**What you need to do:**
Exclude all pictures, then restate the entries below word for word.

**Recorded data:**
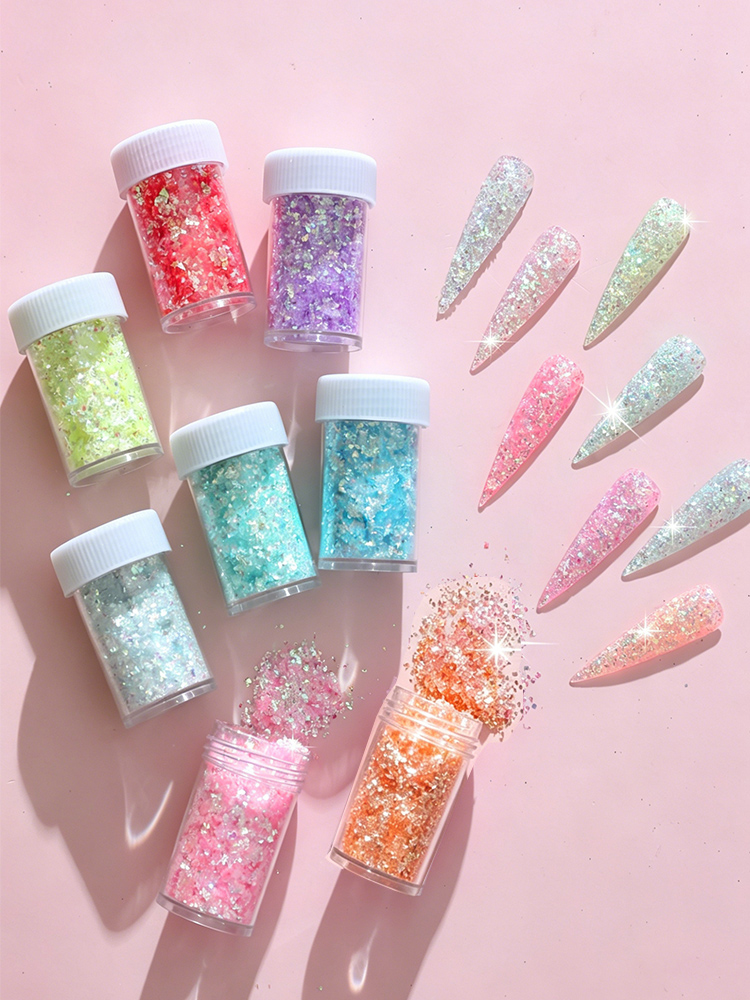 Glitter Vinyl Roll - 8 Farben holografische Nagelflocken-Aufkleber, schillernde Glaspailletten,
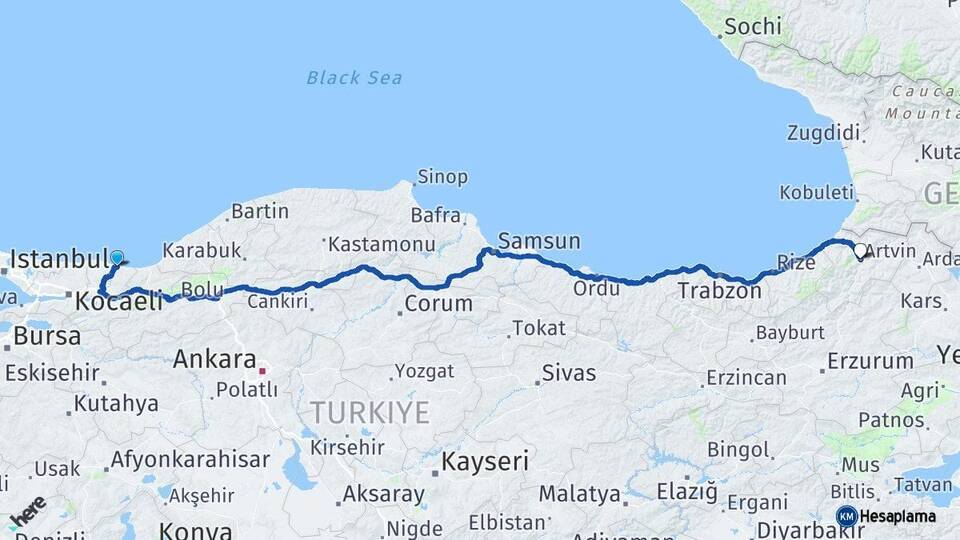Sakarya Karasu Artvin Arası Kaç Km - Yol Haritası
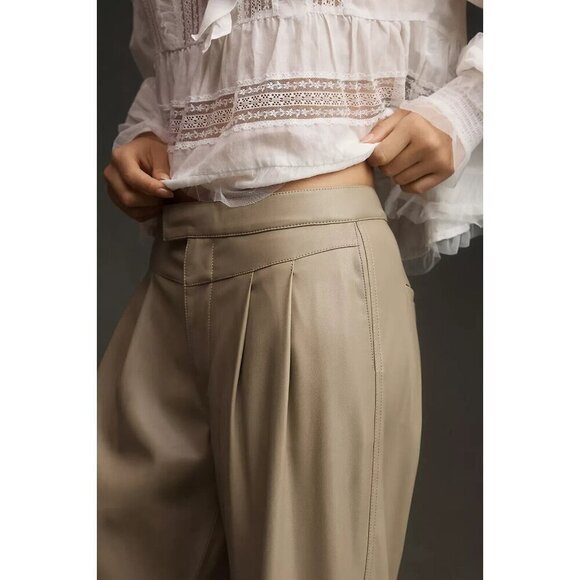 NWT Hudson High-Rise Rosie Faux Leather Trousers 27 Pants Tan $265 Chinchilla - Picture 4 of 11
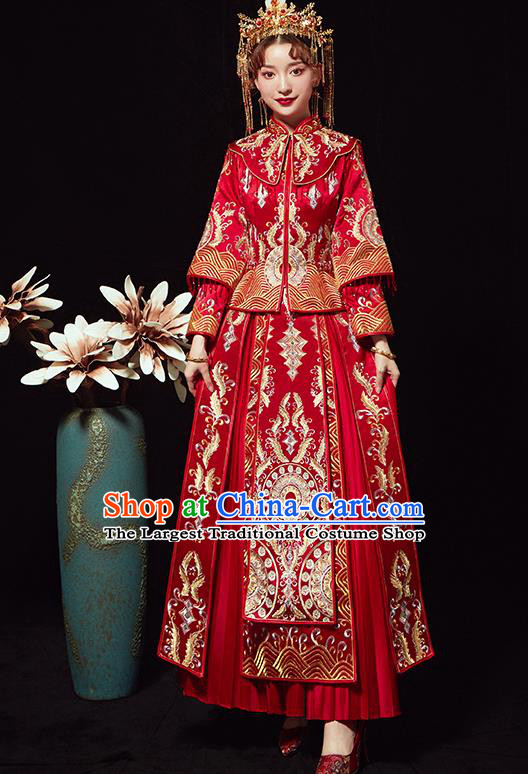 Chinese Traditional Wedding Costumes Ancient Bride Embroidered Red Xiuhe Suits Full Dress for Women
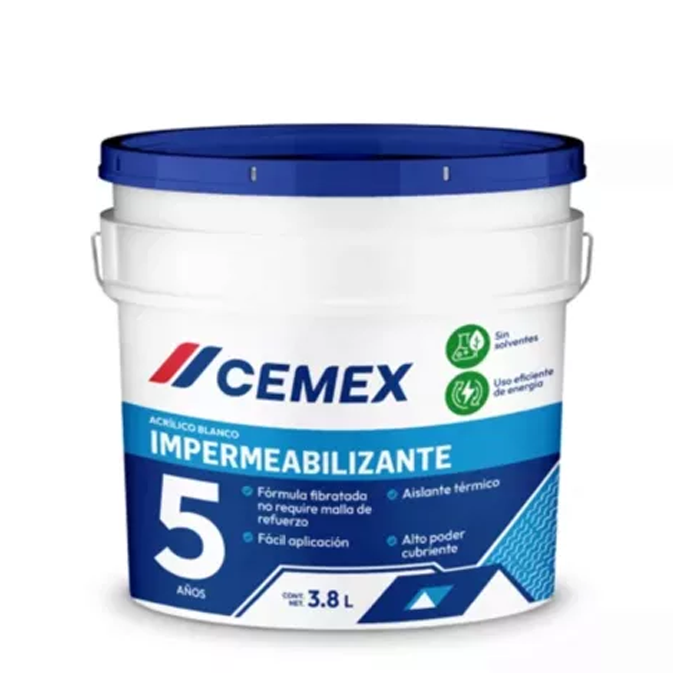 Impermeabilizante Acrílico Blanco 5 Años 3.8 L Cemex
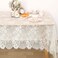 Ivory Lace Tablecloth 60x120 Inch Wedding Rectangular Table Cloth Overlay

**Answer below:**
 Glitter Vinyl Roll - 8 Farben holografische Nagelflocken-Aufkleber, schillernde Glaspailletten,
Sakarya Karasu Artvin Arası Kaç Km - Yol Haritası
 NWT Hudson High-Rise Rosie Faux Leather Trousers 27 Pants Tan $265 Chinchilla - Picture 4 of 11
 Chinese Traditional Wedding Costumes Ancient Bride Embroidered Red Xiuhe Suits Full Dress for Women
 Impermeabilizante Acrílico Blanco 5 Años 3.8 L Cemex
 Ivory Lace Tablecloth 60x120 Inch Wedding Rectangular Table Cloth Overlay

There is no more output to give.